VHDL is the Very High Speed Integrated Circuit (VHSIC) Hardware Description Language that was standardized as ANSI/IEEE standard 1076 in 1987 (this version is known as VHDL’87) and reballoted in 1993 (as VHDL’93). It is a strongly typed, verbose language that is sometimes hard to understand; its opponents call it the Very Hard Description Language. The perception of VHDL as a non-user-friendly language almost sparked a religious war between VHDL and Verilog proponents, so VHDL was fully embraced by users and CAD tool developers much later than expected (Verilog is another hardware description language, which was initially developed by Cadence and is now also in the public domain). VHDL was originally targeted at simulation and hardware documentation, but most of its recent success has been in applications in synthesis, testing, and verification.
VHDL is fully described in the Language Reference Manual (LRM) [1], but the LRM, although accurate, is not enough for a designer to start using the language productively. Therefore, there are many books about programming in VHDL for simulation or synthesis. The language is general and complex, and you will probably need more than one book and a lot of hands-on experience in order to become proficient.
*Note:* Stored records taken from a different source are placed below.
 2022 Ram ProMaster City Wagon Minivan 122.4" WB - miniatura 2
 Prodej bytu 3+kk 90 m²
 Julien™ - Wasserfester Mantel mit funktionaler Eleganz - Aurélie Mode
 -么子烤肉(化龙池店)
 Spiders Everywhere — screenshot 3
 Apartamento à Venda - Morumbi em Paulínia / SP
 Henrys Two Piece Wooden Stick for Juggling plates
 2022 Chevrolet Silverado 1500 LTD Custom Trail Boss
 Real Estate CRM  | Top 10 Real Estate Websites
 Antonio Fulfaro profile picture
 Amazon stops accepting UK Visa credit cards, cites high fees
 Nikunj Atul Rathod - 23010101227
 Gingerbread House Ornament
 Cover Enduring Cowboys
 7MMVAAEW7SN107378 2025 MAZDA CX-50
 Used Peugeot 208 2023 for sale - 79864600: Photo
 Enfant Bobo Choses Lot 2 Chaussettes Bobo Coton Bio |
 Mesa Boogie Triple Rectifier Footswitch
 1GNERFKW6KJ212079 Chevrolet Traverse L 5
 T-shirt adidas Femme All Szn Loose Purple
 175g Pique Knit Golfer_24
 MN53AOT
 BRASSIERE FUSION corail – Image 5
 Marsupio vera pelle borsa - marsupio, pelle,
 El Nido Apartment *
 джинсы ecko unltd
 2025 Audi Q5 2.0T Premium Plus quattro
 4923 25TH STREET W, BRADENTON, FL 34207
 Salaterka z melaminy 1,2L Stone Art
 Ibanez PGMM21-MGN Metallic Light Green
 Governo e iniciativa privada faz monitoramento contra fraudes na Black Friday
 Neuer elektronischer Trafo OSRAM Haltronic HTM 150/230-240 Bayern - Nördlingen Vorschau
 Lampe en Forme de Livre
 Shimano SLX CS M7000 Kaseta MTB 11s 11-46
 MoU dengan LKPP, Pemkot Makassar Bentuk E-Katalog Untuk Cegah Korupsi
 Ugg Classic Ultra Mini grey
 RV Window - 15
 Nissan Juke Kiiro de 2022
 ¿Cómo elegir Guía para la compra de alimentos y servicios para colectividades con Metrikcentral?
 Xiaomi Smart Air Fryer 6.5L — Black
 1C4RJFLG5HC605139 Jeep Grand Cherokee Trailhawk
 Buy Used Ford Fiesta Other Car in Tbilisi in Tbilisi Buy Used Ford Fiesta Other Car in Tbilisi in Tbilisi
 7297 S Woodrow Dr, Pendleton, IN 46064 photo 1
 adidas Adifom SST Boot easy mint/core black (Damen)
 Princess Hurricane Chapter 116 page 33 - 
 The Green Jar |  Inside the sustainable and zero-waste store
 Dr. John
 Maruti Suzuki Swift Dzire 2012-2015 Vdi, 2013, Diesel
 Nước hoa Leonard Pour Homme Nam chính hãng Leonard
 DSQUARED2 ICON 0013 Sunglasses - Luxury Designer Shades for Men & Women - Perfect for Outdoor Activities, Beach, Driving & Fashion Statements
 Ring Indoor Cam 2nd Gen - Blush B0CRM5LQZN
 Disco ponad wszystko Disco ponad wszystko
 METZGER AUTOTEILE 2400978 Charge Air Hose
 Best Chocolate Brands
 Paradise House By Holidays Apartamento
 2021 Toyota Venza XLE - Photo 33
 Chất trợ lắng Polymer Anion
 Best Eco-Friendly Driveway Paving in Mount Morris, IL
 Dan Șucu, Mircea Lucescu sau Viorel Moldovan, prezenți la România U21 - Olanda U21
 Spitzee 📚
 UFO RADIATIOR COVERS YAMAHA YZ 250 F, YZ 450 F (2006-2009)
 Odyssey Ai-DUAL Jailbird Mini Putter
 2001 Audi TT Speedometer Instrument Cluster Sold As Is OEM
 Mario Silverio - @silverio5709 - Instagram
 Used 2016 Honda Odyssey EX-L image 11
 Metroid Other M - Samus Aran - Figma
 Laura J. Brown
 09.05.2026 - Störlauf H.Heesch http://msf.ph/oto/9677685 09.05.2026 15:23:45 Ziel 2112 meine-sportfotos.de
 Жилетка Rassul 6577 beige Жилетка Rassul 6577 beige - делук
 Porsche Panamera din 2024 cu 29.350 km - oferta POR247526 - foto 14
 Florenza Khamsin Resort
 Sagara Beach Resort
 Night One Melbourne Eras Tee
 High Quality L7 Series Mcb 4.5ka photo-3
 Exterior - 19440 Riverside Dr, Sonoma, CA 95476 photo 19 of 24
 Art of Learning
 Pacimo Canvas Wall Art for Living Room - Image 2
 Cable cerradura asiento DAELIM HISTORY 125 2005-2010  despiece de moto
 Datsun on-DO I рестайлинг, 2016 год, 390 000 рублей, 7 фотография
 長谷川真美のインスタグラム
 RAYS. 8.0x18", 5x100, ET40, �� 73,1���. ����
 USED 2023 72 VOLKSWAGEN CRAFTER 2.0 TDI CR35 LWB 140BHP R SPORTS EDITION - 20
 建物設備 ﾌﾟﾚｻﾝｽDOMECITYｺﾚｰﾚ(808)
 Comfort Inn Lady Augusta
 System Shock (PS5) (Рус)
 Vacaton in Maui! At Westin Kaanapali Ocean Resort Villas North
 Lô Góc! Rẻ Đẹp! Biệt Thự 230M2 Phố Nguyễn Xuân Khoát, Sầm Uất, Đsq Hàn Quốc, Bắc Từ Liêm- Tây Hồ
The six books reviewed here are among the most recent, and they cover most of the spectrum in terms of intended audience (from engineering students to professors, experienced designers, and even managers), level of VHDL understanding (from beginner to experienced user), and VHDL use (mainly documentation, simulation, and synthesis). There is not much about formal verification using VHDL in any of these books. Almost all major publishers of VHDL books are represented, with the exception of Morgan Kaufmann.
Airiau, Berge, and Olive
I found this book extremely well written and, although it is not very long, it covers all aspects of VHDL synthesis thoroughly. VHDL was initially developed for simulation, so not all language constructs are synthesizable. Focusing only on VHDL-based synthesis, this book goes deeper into the subject than other books. Chapter 1, “About Synthesis,” defines the purpose of the book, while chapter 2, “VHDL Concepts,” is a short tutorial on VHDL. The authors present both a top-down synthesis flow in chapter 3, “Mapping VHDL to Hardware,” and a bottom-up synthesis flow in chapter 4, “Mapping Hardware to VHDL.” The idea in chapter 3 is to derive hardware implementations for common VHDL constructs, while in chapter 4 several VHDL description styles are presented by starting with common hardware components (gates, multiplexers, latches, flip-flops, PLAs, and so on). All the examples are useful as starting points for writing your own VHDL synthesizable code in either a top-down fashion (typically behavioral style at register transfer level (RTL)) or a bottom-up one (typically structural style at RTL or gate level).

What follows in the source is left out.